Have you ever had the feeling of being on autopilot? Do you feel like you’re just “going through the motions”, and not making the impact you dream about? These sensations are partially true—studies show that about 40% of what we do everyday is habitual. We are wired to respond to cues from the world around us, and our brain is designed to stick to patterns of behavior that help us achieve success, in any task. After experiencing the feeling of unconsciously going through life with half of the passion and energy it takes to excel, I looked for answers surrounding the questions I had about why we largely operate on habits, and how to change for the better.

The Power of Habit is the most informative title I’ve read on the subject so far, as journalist Charles Duhigg thoroughly explains the neurological reasoning behind our behavior and how habits shape the individual and the culture at large. Duhigg breaks down how habits inform our personal experiences and influence change, and expounds upon the impact change has on organizations and societies as it relates to transformative habits.

Our brains are always looking for ways to save energy—that’s why certain tasks or groups of tasks seem effortless. For example, as you’re showering and brushing teeth, putting on clothes, getting into your car, and driving off to start your day, you don’t have to exert much brainpower to flow easily through these activities. The human brain has a process called “chunking”, in which a sequence of repeated actions is combined into an automatic routine, and the reward is a completed task. To understand how to free up mental energy, we must address the impact these self-activating routines. If nearly half of our daily activity is an automatic response, how can we incorporate new habits to stimulate change? Duhigg illustrates how transformation happens by plainly laying out the Golden Rule of Habit: you cannot extinguish a bad habit, you can only change it.

To increase the chance of a changed habit having a radical effect on your life, you must first believe that change is possible. Even when you’re in a mental space of confusion, doubt, worry, or stress, there is always a solution to your circumstance. There is optimism in knowing that your brain will do everything in its power to help you find ease, success, and positive feelings, especially with the added power of belief. Finding and cultivating values that are affirming and uplifting to your self esteem is a worthy journey to embark upon because it allows you to gain awareness and build trust. When you commit to a particular set of values, and follow up on those values with beliefs and habits, you are on the path to maintaining success.

The domino effect of changed habits is evident in the lives of those who have identified where they need adjustments, and built a lifestyle around that need. Find a keystone habit, like exercising or reading daily, that will flow over into other aspects of your life. If you commit to a healthier lifestyle by devoting time daily to exercise, you are more likely to eat healthier, replace unhealthy habits, and feel the change inside and out. Similarly, dedicating at least 30 minutes to an hour a day to reading will help you slow down, be intentional, and allow your mind to expand. A keystone habit helps other habits thrive, creating a new structure or lifestyle within, and establishes cultures where change can spread. Willpower, according to Duhigg, is the single most important keystone habit for individual success.
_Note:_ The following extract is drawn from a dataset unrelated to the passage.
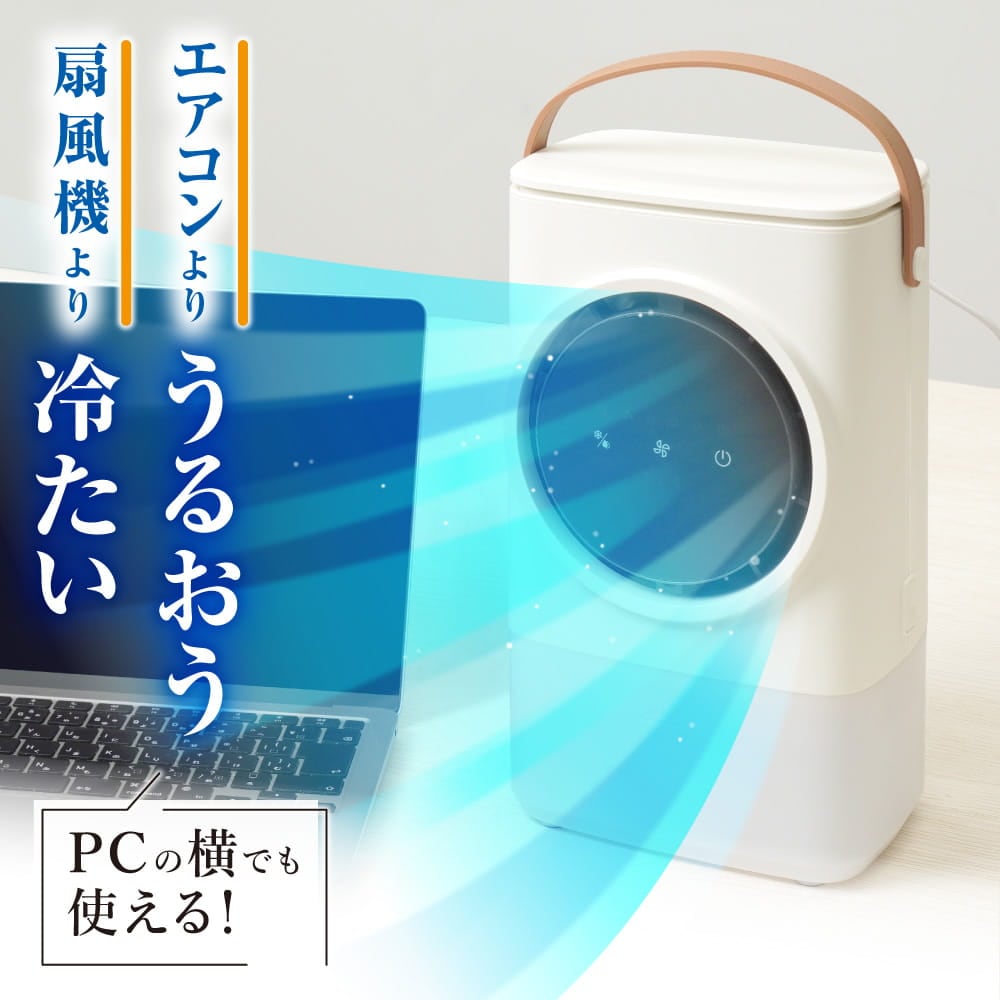 【いろはす様用】家電セット dショッピング |新生活家電セット 8点セット 一人暮らし (8kg洗濯機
Willpower becomes habit when you choose your behavior ahead of time (i.e., exercising in the morning and reading at night), and then following through with your routine with self-discipline.

Combining the theories on the power of belief and the effectiveness of keystone habits is essentially what it takes to implement lifestyle changes. It is especially rewarding to find like-minded friends and communities that will help you overcome any blocks to your success. Changing habits leads to small wins that can help you uncover opportunities to grow and resources to flourish. You don’t have to go at it alone—find an accountability partner to check in with you on a habit or goal. Find alliances to help you form your routines into automatic habits.

Movements happen when individual habits have an effect on social and community dynamics, which leads to a sense of ownership over fresh lifestyle changes. Over time, you can change an entire community by committing to changing your own habits. The best way to change your habits is to develop self-control, increase self-awareness, and by using willpower to change a routine into an automatic, habitual response. You have the ability to take your life and transform it into something more grand. Charles Duhigg lends us an eye-opening key to living a better life: “The real power of habit is the insight that your habits are what you choose them to be”.